You are viewing a plain text version of this content. The canonical link for it is here.
Posted to user@beam.apache.org by Jesse Anderson <je...@smokinghand.com> on 2016/05/17 18:44:25 UTC

Removing a Window From a PCollection

Is there a way to remove windowing from a PCollection?

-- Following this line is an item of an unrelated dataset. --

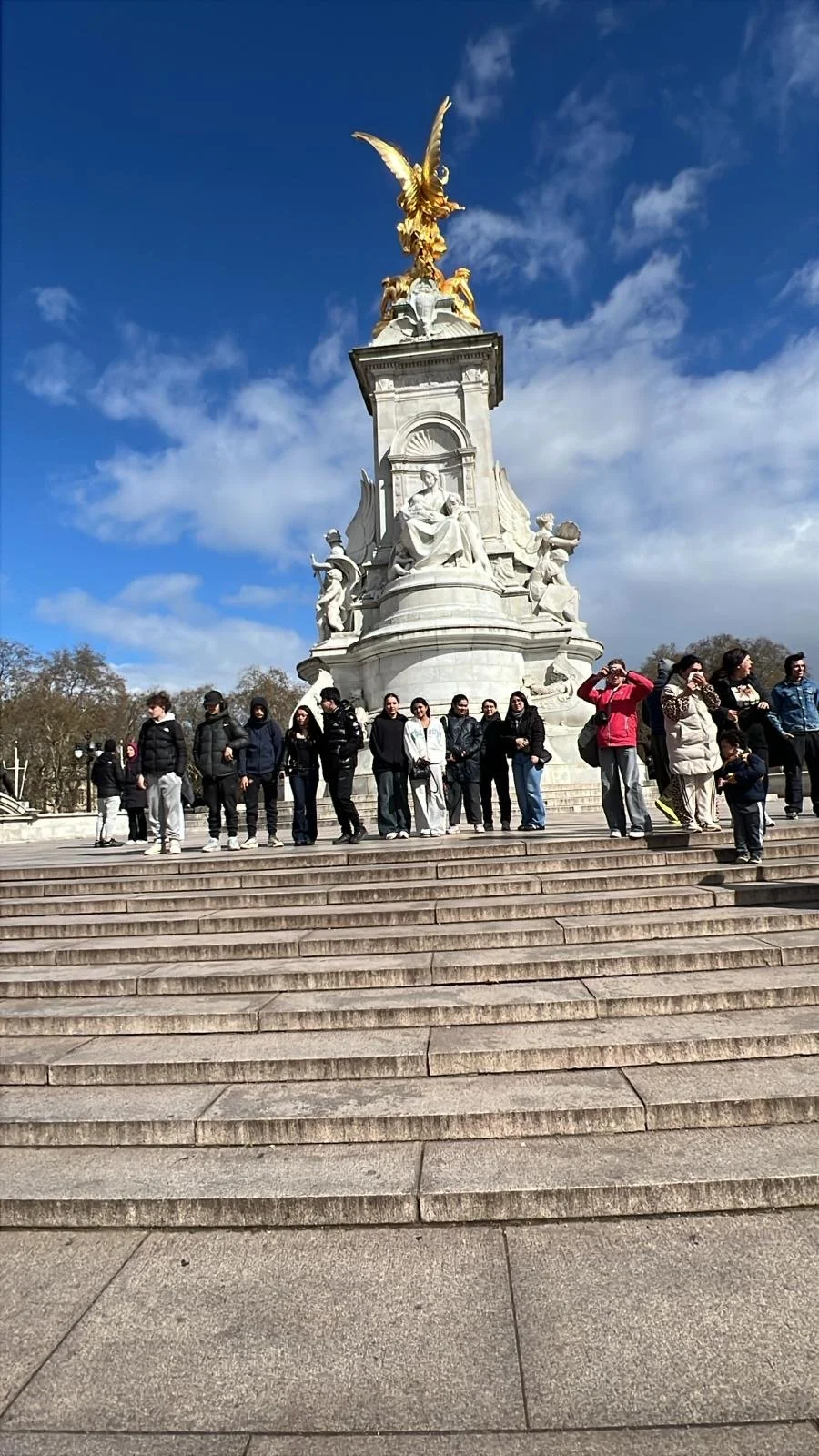 Group of people standing on steps in front of a large monument with sculptures and a golden winged figure at the top, under a partly cloudy blue sky.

Let's say I had the following code:
      PCollection<String> windowedWords = parsed
          .apply(Window.<String>into(
            FixedWindows.of(Duration.standardSeconds(30))));

      PCollection<KV<String, Long>> eventCounts =
windowedWords.apply(Count.perElement());

      // Don't window anymore for the GroupByKey
      PCollection<KV<String, Iterable<Long>>> grouped =
eventCounts.apply(GroupByKey.<String, Long>create());

      PCollection<String> formattedCounts = grouped.apply(ParDo.of(new
TimedFN()));

I've added the window and performed the counts. In the GroupByKey, I no
longer want windowing to apply. I want to group by the key across windows
now. The Iterable that comes back from the GroupByKey only has the one Long
from its Window instead of all N Longs from all Windows. How do you do
remove the Window to GroupByKey for all times?

Thanks,

Jesse

Re: Removing a Window From a PCollection

Posted by Frances Perry <fj...@google.com>.
To add some more color...

If you are doing a GroupByKey on a PCollection<KV<K, V>>, you will get one
KV<K, Iterable<V>> per key, per window, and pane (aka. trigger firing).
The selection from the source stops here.